Dans la pratique, les surveillants peuvent être conduits, par lassitude et résignation, à " fermer les yeux " sur les règlements de comptes.
Il reste que, le plus souvent, ces incidents ont lieu en leur absence ; dès lors, le surveillant est la personne la mieux à même de repérer le détenu qui ne se lève pas, qui mange peu, qui ne rejoint pas les autres à la promenade : son isolement est alors incontournable.
(3) Les violences exercées par les personnels contre les détenus
Les violences exercées contre les détenus par les surveillants sont un phénomène exceptionnel.
Comme l’a indiqué M. Ivan Zakine devant la commission, " les critiques sont rarissimes à l’égard du comportement des agents de l’administration pénitentiaire. Il n’en va pas de même à l’égard des services de police. Cela s’explique notamment par le fait que les agents de l’administration pénitentiaire vivent longtemps leur relation avec les détenus. Par conséquent, ils ne peuvent pas impunément se comporter brutalement à l’égard de quelqu’un qu’ils côtoieront souvent pendant de longues années. "

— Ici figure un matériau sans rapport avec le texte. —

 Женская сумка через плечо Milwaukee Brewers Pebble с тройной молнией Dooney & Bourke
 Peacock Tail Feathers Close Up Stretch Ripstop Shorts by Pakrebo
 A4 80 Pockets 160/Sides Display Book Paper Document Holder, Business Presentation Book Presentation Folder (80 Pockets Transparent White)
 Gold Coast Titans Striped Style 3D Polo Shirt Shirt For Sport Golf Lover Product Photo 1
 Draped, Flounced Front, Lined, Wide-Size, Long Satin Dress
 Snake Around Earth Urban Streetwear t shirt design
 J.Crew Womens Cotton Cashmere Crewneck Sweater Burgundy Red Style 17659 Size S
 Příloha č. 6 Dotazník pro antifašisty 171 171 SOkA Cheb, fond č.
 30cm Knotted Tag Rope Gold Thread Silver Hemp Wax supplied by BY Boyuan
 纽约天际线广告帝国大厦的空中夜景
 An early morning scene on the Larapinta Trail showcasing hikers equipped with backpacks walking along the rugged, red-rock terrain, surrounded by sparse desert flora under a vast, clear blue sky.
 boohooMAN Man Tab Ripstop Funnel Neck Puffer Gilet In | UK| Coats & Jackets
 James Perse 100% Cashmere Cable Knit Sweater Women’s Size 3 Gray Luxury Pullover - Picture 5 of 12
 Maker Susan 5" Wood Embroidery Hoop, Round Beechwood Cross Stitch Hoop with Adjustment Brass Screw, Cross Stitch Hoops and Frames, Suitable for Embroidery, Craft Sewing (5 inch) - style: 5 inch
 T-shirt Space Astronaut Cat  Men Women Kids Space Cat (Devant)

Mais, comme le montre l’exemple de la maison d’arrêt de Beauvais, des comportements inadmissibles ne sont malheureusement pas exclus. Ces violences ne sont réprimées qu’avec beaucoup de retard par l’administration pénitentiaire. Un fort esprit de corps, le sentiment d’être incompris, poussent un bon nombre de surveillants, même s’ils désapprouvent les dérapages de la très petite minorité de " brebis galeuses ", à fermer les yeux.
Dans une administration très hiérarchisée, la loi du silence fait partie intégrante de la " culture pénitentiaire ". L’article 40 du code de procédure pénale, obligeant tout fonctionnaire à transmettre au procureur de la République les " renseignements, procès-verbaux et actes " relatifs à la connaissance d’un crime ou d’un délit, est parfois mal connu et encore plus rarement invoqué.
Cependant, tant le Garde des sceaux que la directrice de l’administration pénitentiaire ont insisté devant la commission sur le taux élevé de sanctions prises à l’égard du personnel : 260 pour 26.000 personnes. Plusieurs chefs d’établissement ont été discrètement suspendus et des cadres ont été rétrogradés.